Exercise »
The records below are to be reproduced exactly, with every picture left out.

***** Extracted data

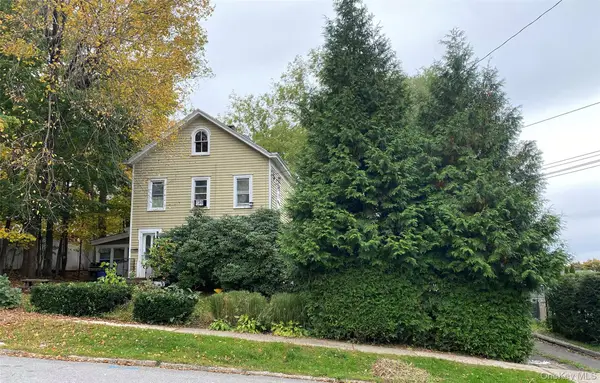 218 Grove Street, Mount Kisco, NY 10549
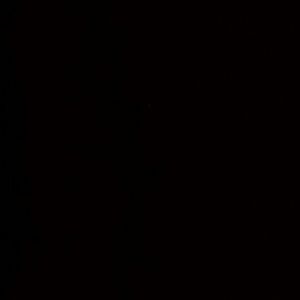 Meet your Posher, Mat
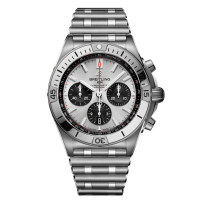 Breitling Chronomat B01 42 AB0134101G1A1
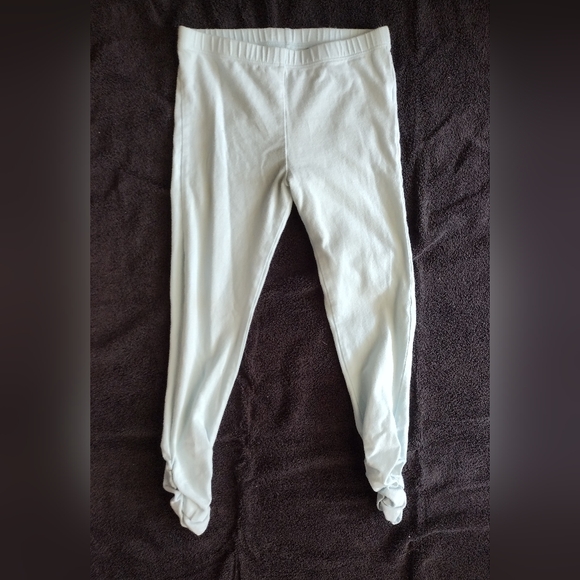 🩷 Girls Size 6 Cherokee, Cat & Jack, Place, Body Glove & Free Style, - Picture 11 of 16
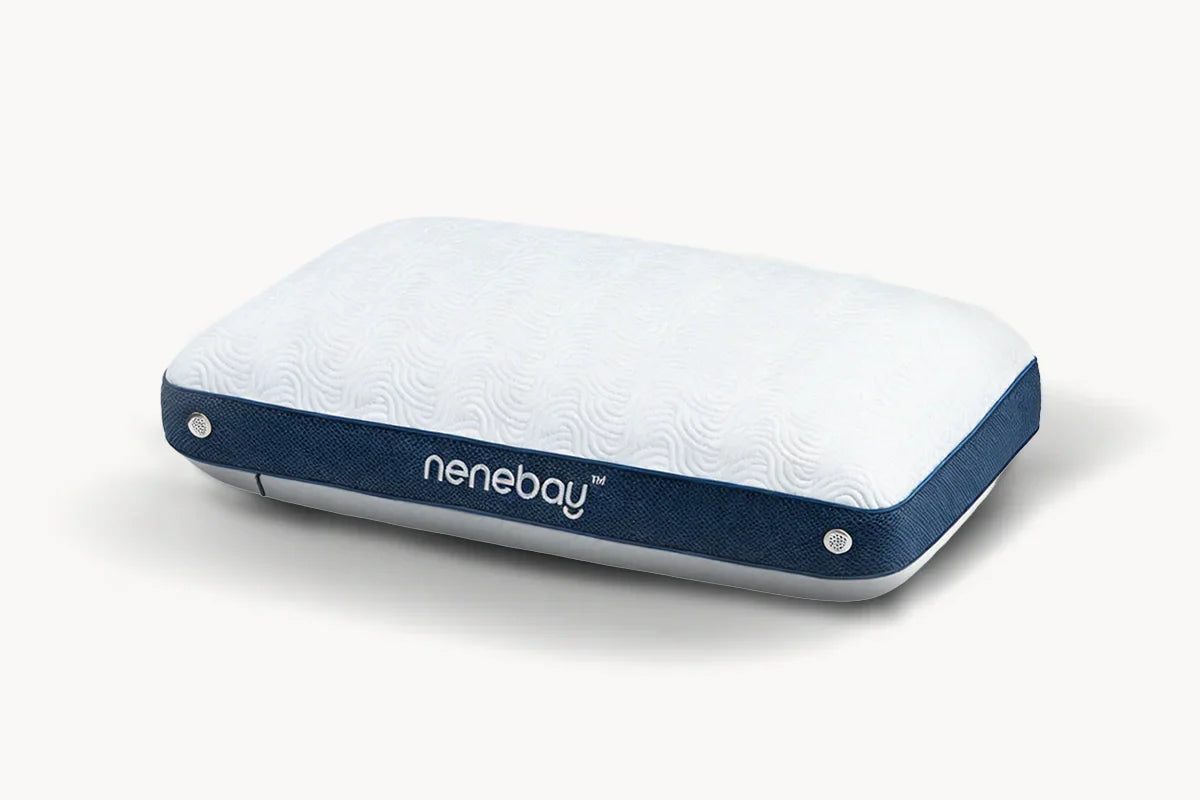 World Sleep Day Special: Are You Truly "Resting" or Just Sleeping?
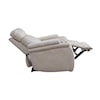 Paramount Living Royce Power Recliner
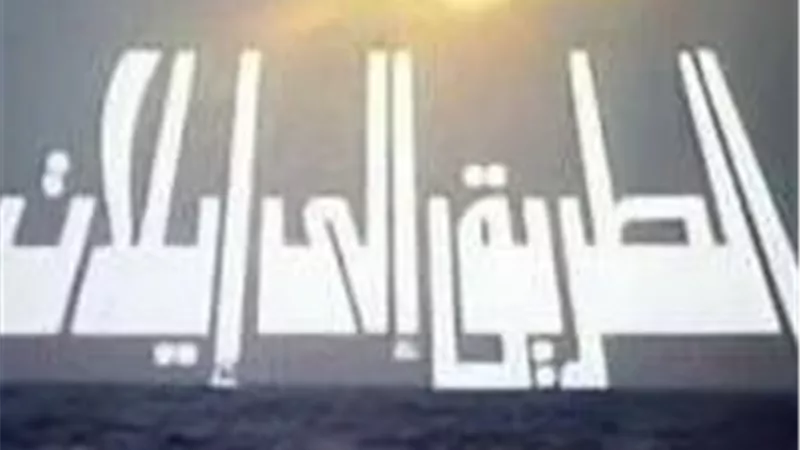 سينما أكتوبر.. قائمة أفلام رومانسية واجتماعية بعيدة عن المعركة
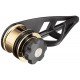 Shimano Bobbin Winder Heavy TH-202N Black/Gold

**********

Written answer »
 218 Grove Street, Mount Kisco, NY 10549
 Meet your Posher, Mat
 Breitling Chronomat B01 42 AB0134101G1A1
 🩷 Girls Size 6 Cherokee, Cat & Jack, Place, Body Glove & Free Style, - Picture 11 of 16
 World Sleep Day Special: Are You Truly "Resting" or Just Sleeping?
 Paramount Living Royce Power Recliner
 سينما أكتوبر.. قائمة أفلام رومانسية واجتماعية بعيدة عن المعركة
 Shimano Bobbin Winder Heavy TH-202N Black/Gold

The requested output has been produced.